Add a VM running Ubuntu as a worker node in Docker Swarm - docker

I'm trying to create swarm consisting of 2 nodes, using docker-machine, it is easy to provision a VM and add it as a node, but I want to create a swarm using a ubuntu VM machine and Windows docker as manager without using docker-machine.
Running
docker swarm init
in Windows (Host Machine) gives me a token to add a worker. I have Ubuntu running in VirtualBox, Docker is also installed in the VM and I'm able to ssh into it and run commands but whenever I try to add this Ubuntu Machine as a worker node by using the token generated from Windows Machine, it says
Error response from daemon: Timeout was reached before node joined. The attempt to join the swarm will continue in the background. Use the "docker info" command to see the current swarm status of your node.
I think it is related to port forwarding. I'm forwarding my VM port 22 to 127.0.0.1:22 in VBox for connecting via SSH. But I tried several combinations of forwarding. Still the VM is not able to join as a node in the swarm that I created in Windows.
Any guidance will be of great value.

Check if you have connectivity from your Ubuntu to your Windows machine. First, ssh to your Ubuntu and check:
Windows is addressable, for example using ping windows-ip.
If it is not, make sure both are in the same network, for example setting a bridge network in your VM configuration.
Windows is listening in ports needed by docker swarm:
TCP port 2376 for secure Docker client communication. This port is required for Docker Machine to work. Docker Machine is used to orchestrate Docker hosts.
TCP port 2377. This port is used for communication between the nodes of a Docker Swarm or cluster. It only needs to be opened on manager nodes.
TCP and UDP port 7946 for communication among nodes (container network discovery).
UDP port 4789 for overlay network traffic (container ingress networking).
You can check this using telnet windows-ip port.
If they are not reachable, check your Windows firewall.
I hope it helps!

I tried to create a similar Swarm with a Windows manager node but never really got it to work. You can initialize a single-node Swarm from Windows with docker swarm init. However adding multiple worker nodes does not appear to be supported at the moment:
https://docs.docker.com/engine/swarm/swarm-tutorial/.
"Currently, you cannot use Docker Desktop for Mac or Docker Desktop for Windows alone to test a multi-node swarm".
The following options are possible:
Pure Linux swarm (Linux manager + Linux workers) which runs only Linux containers
Hybrid Swarm (Linux manager + Windows workers + Linux workers) which runs Windows and Linux containers
(Sometimes) Pure Windows Swarm using Win Server 2019 as the manager. The regular Windows updates have been known to break various features of Swarm.

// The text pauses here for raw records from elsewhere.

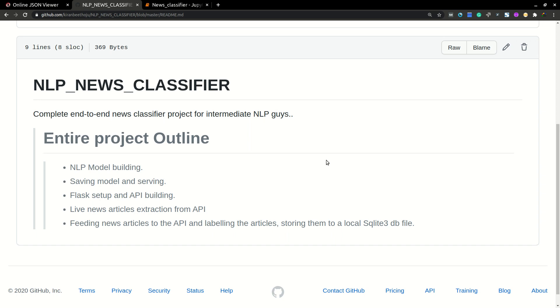So I am going to explain you about how to build a complete NLP news classifier application. So here is the program outline.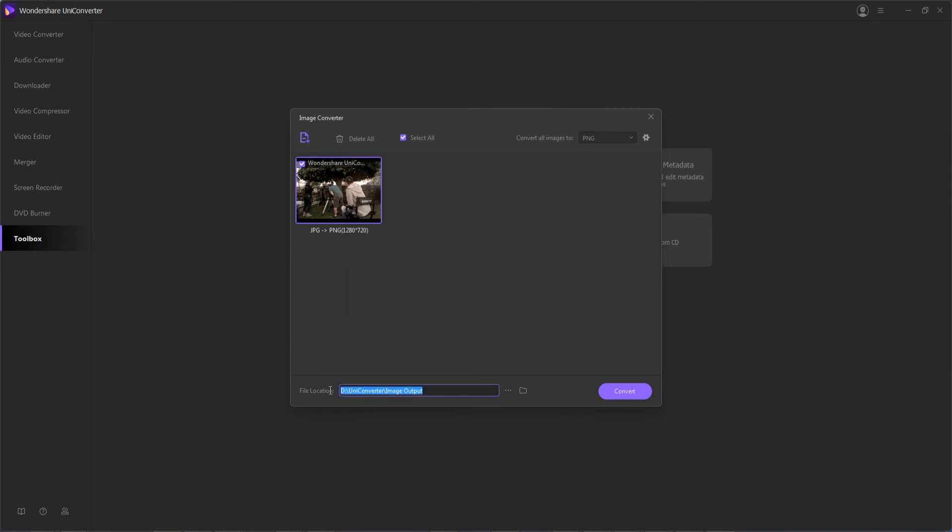And then also you can adjust the output file location if you have a specific location on your computer this needs to go to. Once you're ready, just hit the convert button, and it should quickly convert or batch convert all of your images to your desired format.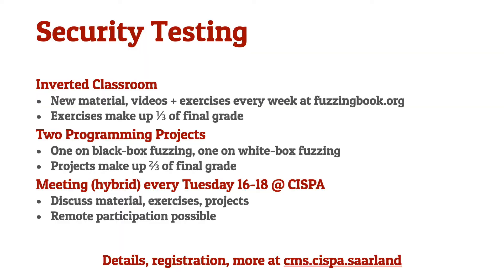Go to FuzzingBook.org and check out the first chapters. Have fun while reading and have success while testing. Enjoy!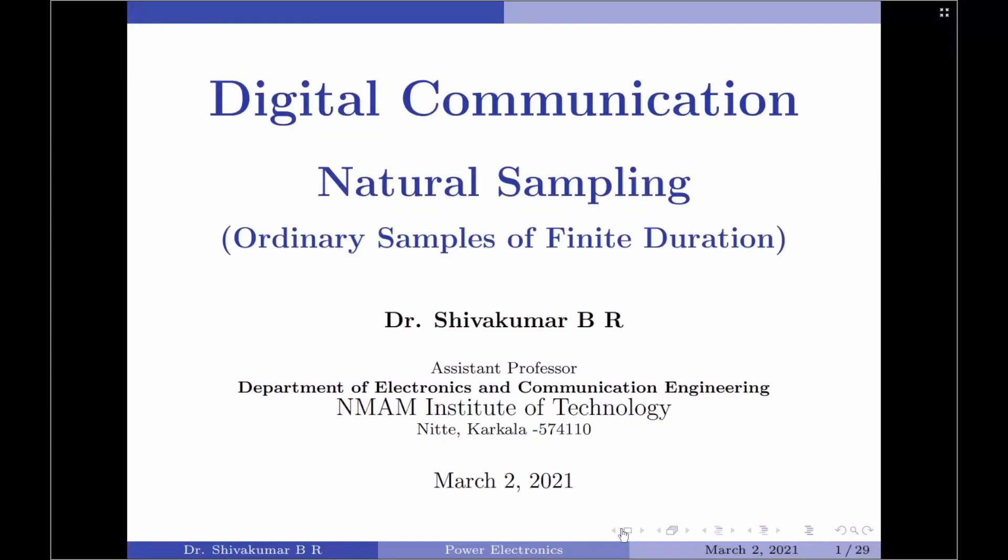Hello everyone, welcome to digital communication tutorials. In this video, I am going to discuss the natural sampling procedure.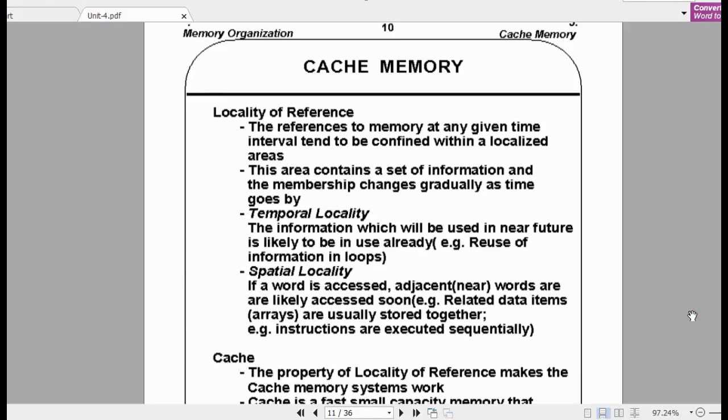Welcome to the lecture series on computer organization. Today we will discuss cache memory.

For example, https://github.com/moby/moby/issues/40998
Then everyone either tries workarounds or waits for the next Windows update to fix the problem.
Personally I've had good luck with hybrid Swarm. It works fine with simple Ubuntu manager + standard Windows 10 workers. No need for Win Server.

Related

Cannot join Docker manager node in Windows using tokens

My friend and I are trying to connect our Docker daemon using Docker Swarm. We both are using Windows OS and we are NOT on the same network. According to Docker docs each docker host must have the following ports open;
TCP port 2377 for cluster management communications
TCP and UDP port 7946 for communication among nodes
UDP port 4789 for overlay network traffic
We both have added new rules for the given ports in inbound and outbound rules in the firewall. Though we keep getting the same two errors while trying to join using token created by the manager node using docker swarm join --token command;
1. error response from daemon: rpc error: code = Unavailable desc = connection error: desc = "transport: Error while dialing dial tcp 192.168.65.3:2377: connect: connection refused"
2. Timeout error
Also, if either of us runs docker swarm init it shows 192.168.65.3 IP address that isn't part of any network we're connected to. What does it mean?
Docker overlay tutorial also states that in order to connect to the manager node, the worker node should add the IP address of the manager.
docker swarm join --token \ --advertise-addr IP-ADDRESS-OF-WORKER-1
IP-ADDRESS-OF-MANAGER:2377
Does it mean that in our case we have to use public IP address of the manager node after enabling port forwarding?
Potential network issues aside, here is your problem:
We both are using Windows OS
I have seen this issue in other threads when attempting to use Windows nodes in a multi-node swarm. Here are some important pieces of information from the Docker overlay networks documentation:
Before you can create an overlay network, you need to either initialize your Docker daemon as a swarm manager using docker swarm init or join it to an existing swarm using docker swarm join. Either of these creates the default ingress overlay network which is used by swarm services by default.
Overlay network encryption is not supported on Windows. If a Windows node attempts to connect to an encrypted overlay network, no error is detected but the node cannot communicate.
By default, Docker encrypts all swarm service management traffic. As far as I know, disabling this encryption is not possible. Do not confuse this with the --opt encrypted option, as that involves encrypting application data, not swarm management traffic.
For a single-node swarm, using Windows is just fine. For a multi-node swarm, which would be deployed using Docker stack, I highly recommend using Linux for all worker and manager nodes.
A while ago I was using Linux as a manager node and Windows as a worker node. I noticed that joining the swarm would only work if the Linux machine was the swarm manager; If the Windows machine was the manager, joining the swarm would not work. After the Windows machine joined the swarm, container-to-container communication over a user-defined overlay network would not work no matter what. Replacing the Windows machine with a Linux machine fixed all issues.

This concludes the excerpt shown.